* **DATASET CONTENT**:
= = =
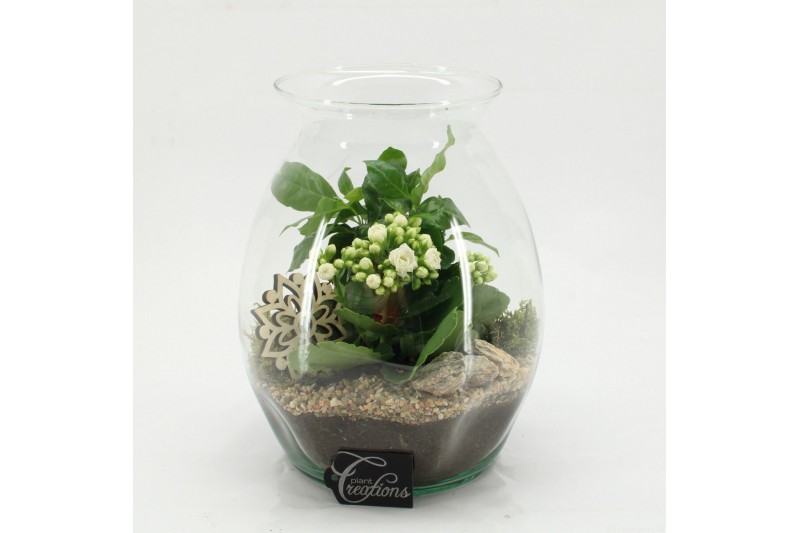 Arrangementen kamerplanten ESCR-2628W Essentials 2 pp 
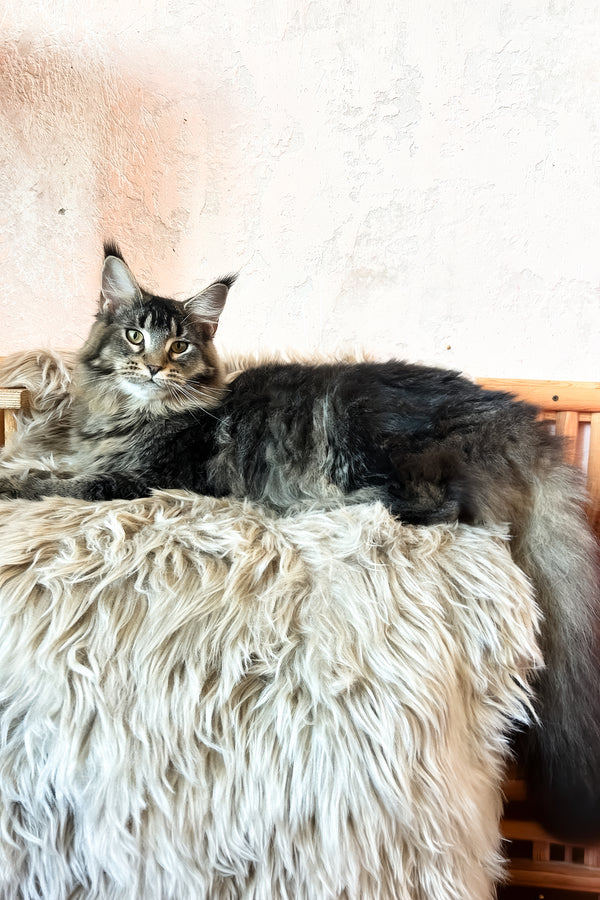 Zelma | Maine Coon Kitten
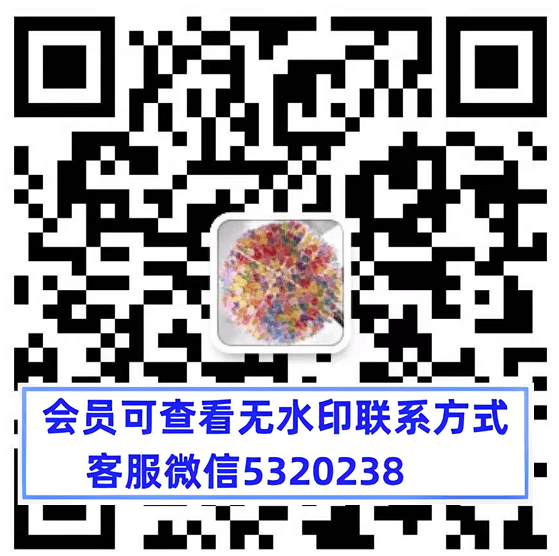 南油110栋考拉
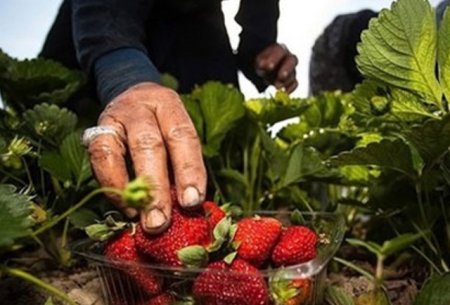 برداشت توت‌فرنگی در بهنمیر مازندران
= = =
* **PROBLEM STATEMENT**: Set down the complete material exactly, but do not include the images.

* **WRITTEN REPLY**:
 Arrangementen kamerplanten ESCR-2628W Essentials 2 pp 
 Zelma | Maine Coon Kitten
 南油110栋考拉
 برداشت توت‌فرنگی در بهنمیر مازندران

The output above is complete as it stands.